Start with the main .md file in any dataset directory — it gives you the answer first.


Dataset Categories

Economic Indicators

Wealth & Inequality

Democracy & Governance

Media & Knowledge

Social & Health

Health & Public Safety

Energy


Philosophy

Answer First: Every dataset puts the best estimate at the top. Don't make people hunt for the number.

Ground Truth: All datasets come from authoritative, verifiable sources. We prioritize data quality and transparency over volume.

Human-Readable + Machine-Parseable: Data is stored in CSV and Markdown formats—no opaque databases. Anyone (human or AI) can read, understand, and analyze these datasets with minimal friction.

Confidence-Aware: Every estimate includes confidence levels. We distinguish between what we know well (99%+) and what's uncertain (65%).

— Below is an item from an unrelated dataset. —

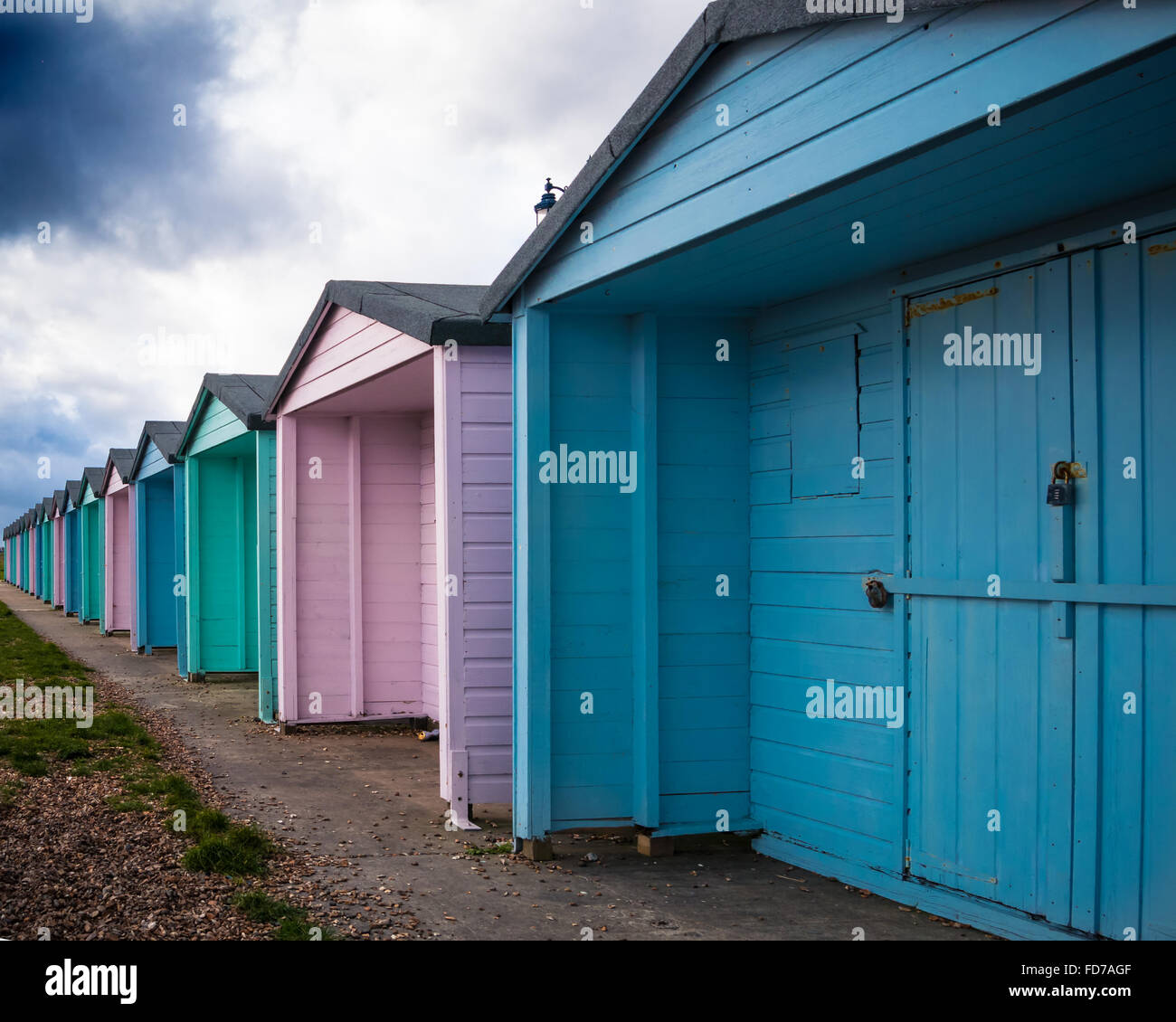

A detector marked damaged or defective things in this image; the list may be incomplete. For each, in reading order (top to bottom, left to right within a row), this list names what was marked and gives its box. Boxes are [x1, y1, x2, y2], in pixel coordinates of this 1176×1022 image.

peeling paint [903, 284, 997, 324]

Traceable: Every number links to its authoritative source. Changes are logged with reasons.


Data Quality Standards

Mandatory Requirements

  • Confidence level - Every estimate needs uncertainty bounds
  • Last updated - When data was most recently validated
  • Source links - Authoritative URLs for verification
  • Changelog - Track revisions with reasons

Quality Indicators

  • Accuracy: Data from verified, authoritative sources
  • Completeness: Gaps and missing data documented
  • Timeliness: Update frequency and freshness noted
  • Transparency: Methodology documented and reproducible

Contributing Datasets

When adding new datasets:

  1. Use the template - Start with DATASET-TEMPLATE.md
  2. Answer first - Create SUMMARY.md with 🎯 BEST ESTIMATE at top
  3. Verify sources - Use authoritative, primary sources
  4. Set confidence - Use the confidence level guidelines
  5. Document changes - Include changelog from day one
  6. Link thoroughly - Every number should trace to a source

Anti-Patterns to Avoid

  1. Burying the answer - Never make someone scroll to find the number
  2. No confidence level - Every estimate needs uncertainty bounds
  3. Stale dates - Always show when last validated
  4. Methodology before answer - People want the answer first
  5. No changelog - Revisions without history erode trust

Integration with Substrate

Data sources support other Substrate components:

  • Claims can be backed by datasets with linked evidence
  • Arguments can reference specific metrics and sources
  • Solutions can be evaluated using ground-truth indicators
  • Plans can track progress with authoritative data

Relationship with Research Projects

The Data directory works with research/ to maintain traceability between research and resulting datasets.

Research → Data Workflow:

  1. Input: Research projects use Data/sources/ for external APIs
  2. Analysis: Research performs synthesis and investigation
  3. Output: Curated datasets stored in Data/ with SUMMARY.md
  4. Documentation: Methodology and sources fully documented

Key Principles:

  • Each dataset includes source.md documenting origin
  • Research projects document which sources they used
  • Bidirectional links maintain complete traceability
  • Changes tracked in both research notes and dataset changelogs

Mission: Build a trusted foundation of ground-truth data to support human understanding and progress.